Don’t worry, none of the holes are critical, although a majority are rated “high” severity. Perhaps most noteworthy, Google has “prevented sandboxed processes from interfering with each other”, according to the security update. That’s probably a good thing, since the company touts its sandboxing as an important security feature of Chrome.
As Google explains in its Sandbox FAQ page: “The sandbox limits the severity of bugs in code running inside the sandbox. Such bugs cannot install persistent malware in the user's account (because writing to the filesystem is banned). Such bugs also cannot read and steal arbitrary files from the user's machine.” You certainly don't want any interference with that process.
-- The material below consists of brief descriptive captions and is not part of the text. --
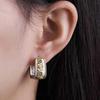 Sace Gems Polychrome Tourmaline Rings Ear Clip for Women S925 Sterling Silver Wedding Party Fine Jewelry Sets Festival Gift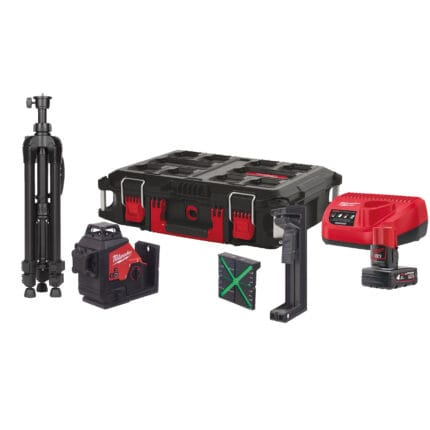 milwaukee laser lineare verde m12™ a 3 linee 360°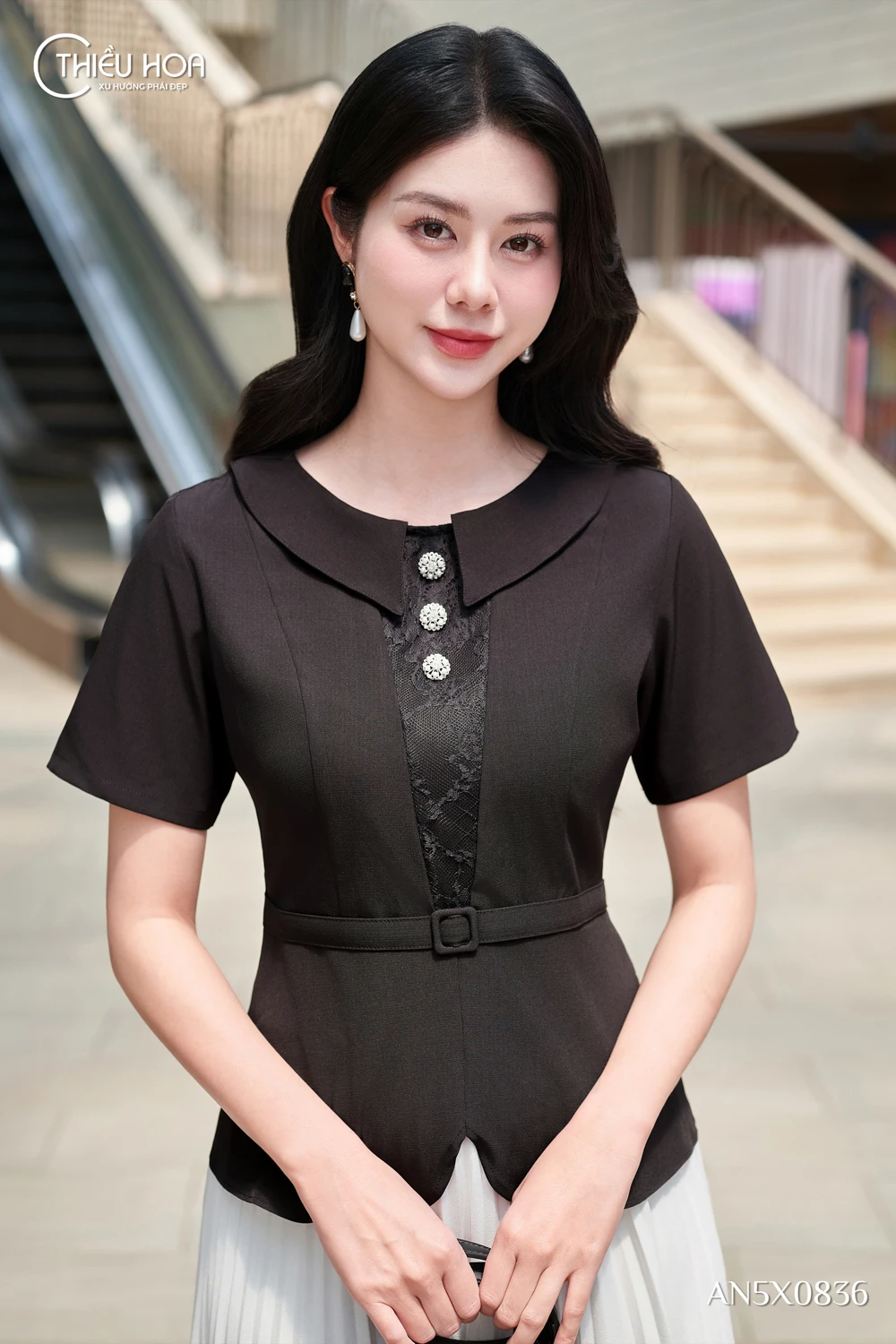 &aacute;o kiểu trung ni&ecirc;n m&atilde; AN5X0836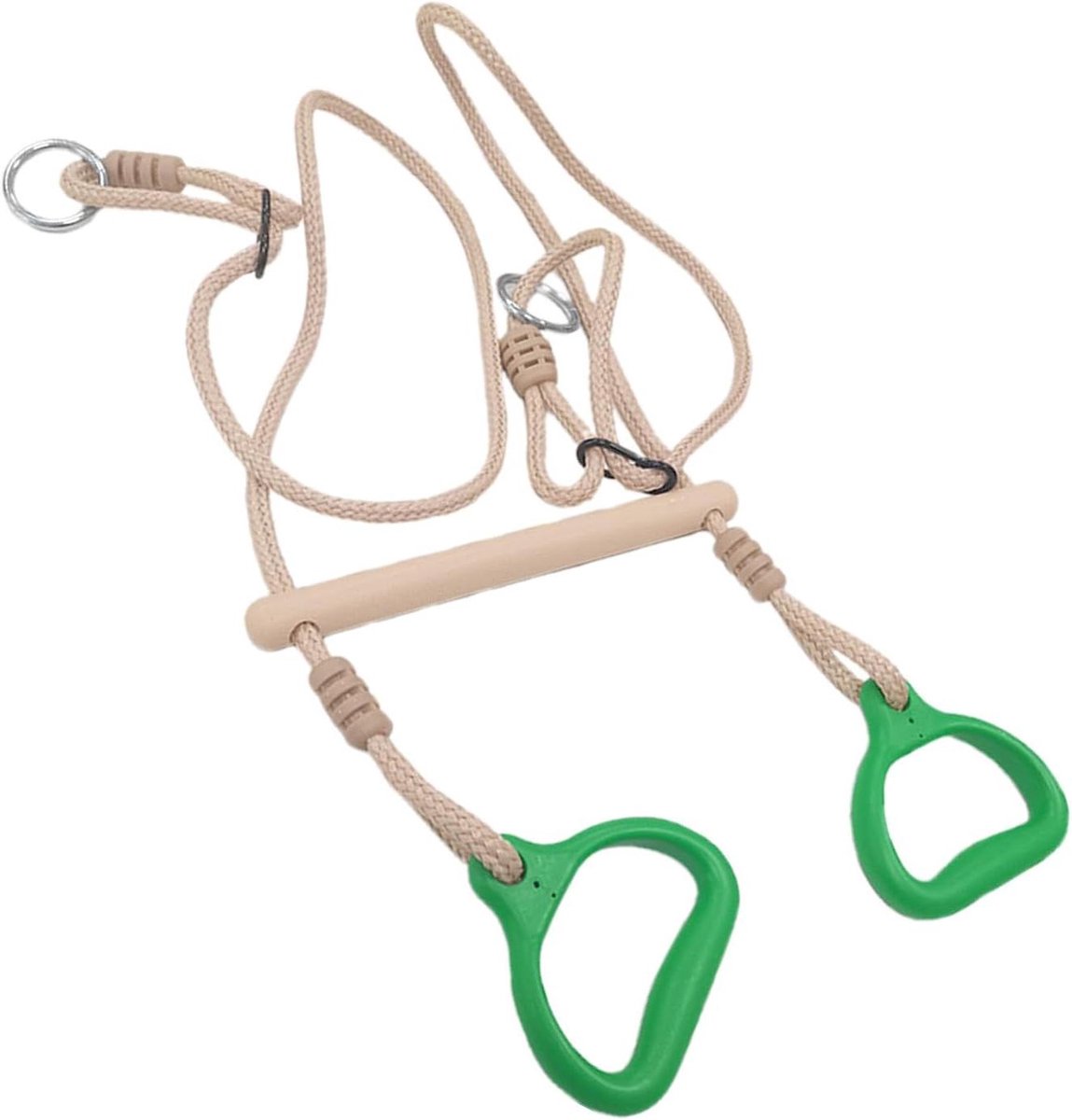 Trapezestang Speeltoestel - Schommelstang Gymringen - Actieve Ontwikkeling - Snelle Installatie Zonder Boren - 12D x 20B x 12H cm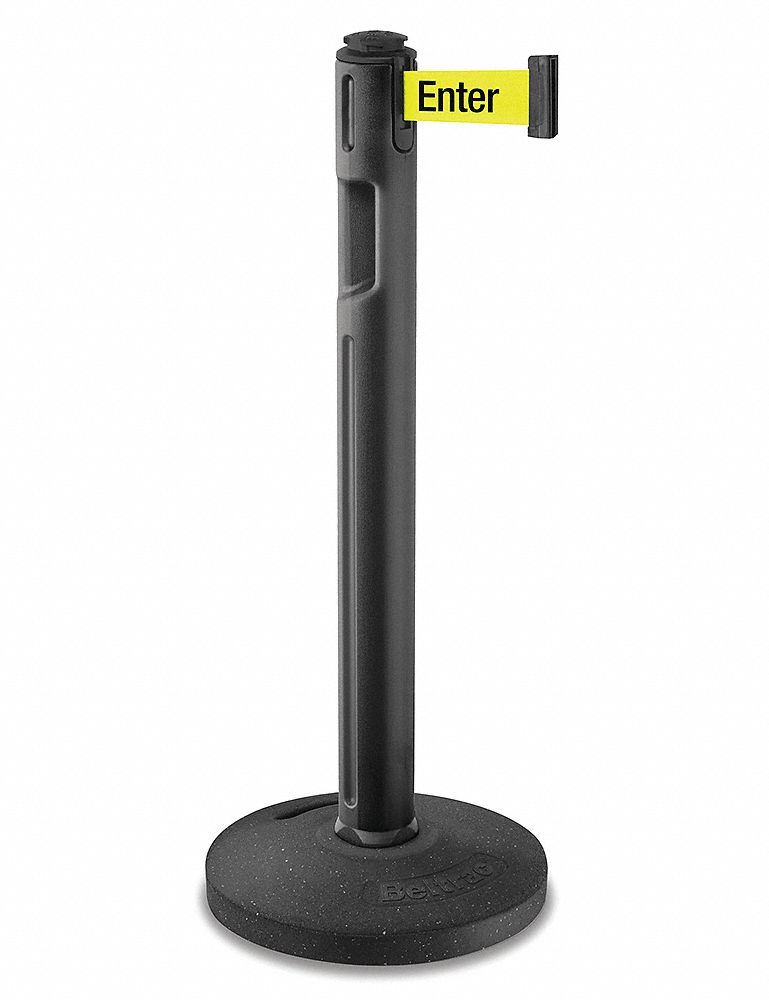 Barrier Post, 38-1/4" H, Black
Other "high" severity flaws plugged by Google in Chrome 20 include a number of use-after-free issues, such as in table section handling, counter layout, SVG resource handling, SVG painting, first-letter handling, and SVG reference handling, as well as problems with crashes in texture handling, integer overflow in PDFs, wild point in array value setting, uninitialized pointer in PDF image codec, buffer overflow in PDF JS API, integer overflow in Mastroska container, and integer overflows in lbxml.
Google paid out a hefty $11,500 in bug bounties for help with all of the fixes. Most of the bounties went to two researchers: $7,000 to “miaubiz” for help with seven bugs, and Juri Aedla with $4,000 for assistance with two bugs.